Akiel Smith (brown suit, light shirt, centre) and Carl Smith (blue shirt) outside court.
By LAMECH JOHNSON
Tribune Staff Reporter
TWO policemen were granted $18,000 bail on Tuesday following their arraignment in connection with the beating death of Aaron Rolle exactly three years after the 20-year-old was found dead in a police station cell.
Constables 2126 Akiel Smith and 2648 Carl Smith were flanked by colleagues as they entered the Nassau and South Streets Magistrates Court Complex where they appeared before Chief Magistrate Joyann Ferguson-Pratt facing a charge of manslaughter.
It is alleged that the pair, on February 9, 2013, used unlawful harm to cause the death of Rolle.
The accused men will not be allowed to enter a plea to the allegation until they are formally arraigned in the Supreme Court where they are expected to be tried.
The presentation of a voluntary bill of indictment (VBI), scheduled for March 23, will facilitate the transfer of the matter to the Supreme Court.
The police officers were charged with manslaughter under Section 293 of the Penal Code.
When the chief magistrate told the accused that they would have to be remanded to the Department of Correctional Services, their lawyer, Wayne Munroe, QC, said that manslaughter was a bailable offence under the amended Bail Act.
After an inspection of said law, police prosecutor ASP Clifford Daxon was asked if he had any objection to the officers receiving a bond pending trial.
The prosecutor did not object.
Mr Munroe advised the court that the matter was three years old.
“This matter was subject of a coroner’s inquest and appeal and my clients are still here,” the lawyer stressed.
“They are serving police officers?” the chief magistrate asked.
Mr Munroe said yes and the court set a bond of $18,000 for each accused.
They were ordered to return to Magistrate’s Court on March 23 for the VBI presentation.
If convicted, the officers could face between 18-35 years imprisonment as prescribed by the Court of Appeal in the case of Larry Raymond Jones. However, a judge does have the discretion to impose a lesser sentence when factoring mitigating and aggravating circumstance of the case.
The circumstances surrounding Rolle’s death were initially heard in Coroner’s Court where an inquest was held.
On May 7, 2013, a Coroner’s Court jury found Rolle’s death to be an “unlawful” killing.
Upon conclusion of the inquest into Rolle’s death, Acting Coroner Jeanine Weech-Gomez recommended the file be reviewed by the Office of the Attorney General to determine whether action should be taken against the officers.
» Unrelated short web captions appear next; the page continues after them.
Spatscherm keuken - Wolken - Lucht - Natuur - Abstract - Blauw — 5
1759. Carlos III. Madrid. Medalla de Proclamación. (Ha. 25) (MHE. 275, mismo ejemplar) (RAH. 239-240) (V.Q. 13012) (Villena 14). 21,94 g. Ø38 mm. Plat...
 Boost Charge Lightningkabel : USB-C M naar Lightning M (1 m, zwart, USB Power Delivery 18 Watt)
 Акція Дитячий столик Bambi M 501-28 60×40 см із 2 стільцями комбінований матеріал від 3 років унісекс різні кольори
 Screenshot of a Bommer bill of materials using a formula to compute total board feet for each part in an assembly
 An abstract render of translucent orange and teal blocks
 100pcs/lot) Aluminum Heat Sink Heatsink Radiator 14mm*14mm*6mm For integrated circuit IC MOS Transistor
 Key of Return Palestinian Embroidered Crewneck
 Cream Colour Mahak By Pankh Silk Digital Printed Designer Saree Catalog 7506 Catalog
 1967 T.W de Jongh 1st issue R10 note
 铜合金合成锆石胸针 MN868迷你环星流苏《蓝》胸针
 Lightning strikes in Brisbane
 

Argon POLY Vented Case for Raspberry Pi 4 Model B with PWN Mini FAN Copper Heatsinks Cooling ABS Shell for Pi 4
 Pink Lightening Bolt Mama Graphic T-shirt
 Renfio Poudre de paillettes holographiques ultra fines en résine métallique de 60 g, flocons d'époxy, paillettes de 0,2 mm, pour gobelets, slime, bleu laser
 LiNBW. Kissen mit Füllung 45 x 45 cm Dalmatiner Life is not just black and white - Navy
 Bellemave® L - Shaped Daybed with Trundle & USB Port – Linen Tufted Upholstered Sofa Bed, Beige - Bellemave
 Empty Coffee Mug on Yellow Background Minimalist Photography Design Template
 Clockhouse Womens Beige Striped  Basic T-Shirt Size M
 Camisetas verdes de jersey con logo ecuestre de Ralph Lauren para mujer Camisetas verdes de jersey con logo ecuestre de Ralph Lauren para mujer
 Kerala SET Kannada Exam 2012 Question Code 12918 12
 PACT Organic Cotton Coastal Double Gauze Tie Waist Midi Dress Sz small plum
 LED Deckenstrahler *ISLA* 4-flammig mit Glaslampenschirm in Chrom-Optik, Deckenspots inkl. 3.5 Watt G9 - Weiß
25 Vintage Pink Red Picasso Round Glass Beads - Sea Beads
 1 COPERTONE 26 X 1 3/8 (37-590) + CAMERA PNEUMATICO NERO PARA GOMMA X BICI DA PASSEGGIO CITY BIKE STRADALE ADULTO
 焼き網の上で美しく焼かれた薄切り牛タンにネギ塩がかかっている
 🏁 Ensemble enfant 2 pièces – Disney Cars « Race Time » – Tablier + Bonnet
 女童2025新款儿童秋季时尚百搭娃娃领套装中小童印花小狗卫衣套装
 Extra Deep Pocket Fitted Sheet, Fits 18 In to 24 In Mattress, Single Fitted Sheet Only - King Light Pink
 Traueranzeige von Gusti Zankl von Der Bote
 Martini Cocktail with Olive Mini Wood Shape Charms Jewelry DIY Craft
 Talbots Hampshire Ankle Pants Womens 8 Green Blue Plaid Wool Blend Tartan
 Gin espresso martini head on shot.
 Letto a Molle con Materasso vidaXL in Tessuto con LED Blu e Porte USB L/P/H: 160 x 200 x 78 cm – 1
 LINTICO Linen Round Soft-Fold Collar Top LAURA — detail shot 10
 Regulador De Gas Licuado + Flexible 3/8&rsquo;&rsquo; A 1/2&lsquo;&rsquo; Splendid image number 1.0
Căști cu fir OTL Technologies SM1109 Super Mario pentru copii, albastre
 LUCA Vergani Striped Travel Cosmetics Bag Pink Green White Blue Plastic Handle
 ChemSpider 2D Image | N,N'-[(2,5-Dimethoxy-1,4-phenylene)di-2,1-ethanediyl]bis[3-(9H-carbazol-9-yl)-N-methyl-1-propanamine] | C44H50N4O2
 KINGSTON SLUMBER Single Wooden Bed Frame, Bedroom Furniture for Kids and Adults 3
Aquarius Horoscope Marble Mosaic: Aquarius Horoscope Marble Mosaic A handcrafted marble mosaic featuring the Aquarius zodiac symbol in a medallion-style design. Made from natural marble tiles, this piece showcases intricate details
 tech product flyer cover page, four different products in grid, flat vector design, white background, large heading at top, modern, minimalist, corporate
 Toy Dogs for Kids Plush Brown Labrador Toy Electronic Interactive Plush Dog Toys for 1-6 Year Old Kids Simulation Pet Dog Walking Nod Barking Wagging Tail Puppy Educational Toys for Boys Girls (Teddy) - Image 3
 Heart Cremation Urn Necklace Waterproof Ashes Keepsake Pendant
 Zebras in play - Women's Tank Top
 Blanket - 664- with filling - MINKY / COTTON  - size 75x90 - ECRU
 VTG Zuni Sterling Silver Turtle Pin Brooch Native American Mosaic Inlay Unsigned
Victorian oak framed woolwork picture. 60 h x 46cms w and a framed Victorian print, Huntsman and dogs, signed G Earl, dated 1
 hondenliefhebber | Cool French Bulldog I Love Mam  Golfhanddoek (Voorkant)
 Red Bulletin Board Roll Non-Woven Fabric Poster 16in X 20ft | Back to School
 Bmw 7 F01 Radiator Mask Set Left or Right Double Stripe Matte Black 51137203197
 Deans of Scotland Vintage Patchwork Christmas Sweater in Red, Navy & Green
She also suggested that it be forwarded to Commissioner of Police Ellison Greenslade to conduct disciplinary proceedings against the men.
However, in July 2014, family of the policemen appealed the acting coroner’s decision and the matter remained in limbo for some time.
In August 2015, the judge presiding over the officers’ appeal found that there was a fundamental misdirection to the Coroner’s Court jury during the inquest.
The judge ruled an “unlawful” killing was not a verdict in law available to the panel at the time of the proceedings.
However, Senior Justice Stephen Isaacs also maintained at the time “in my judgment, the blunt force trauma to the torso of the deceased was the immediate cause of death.”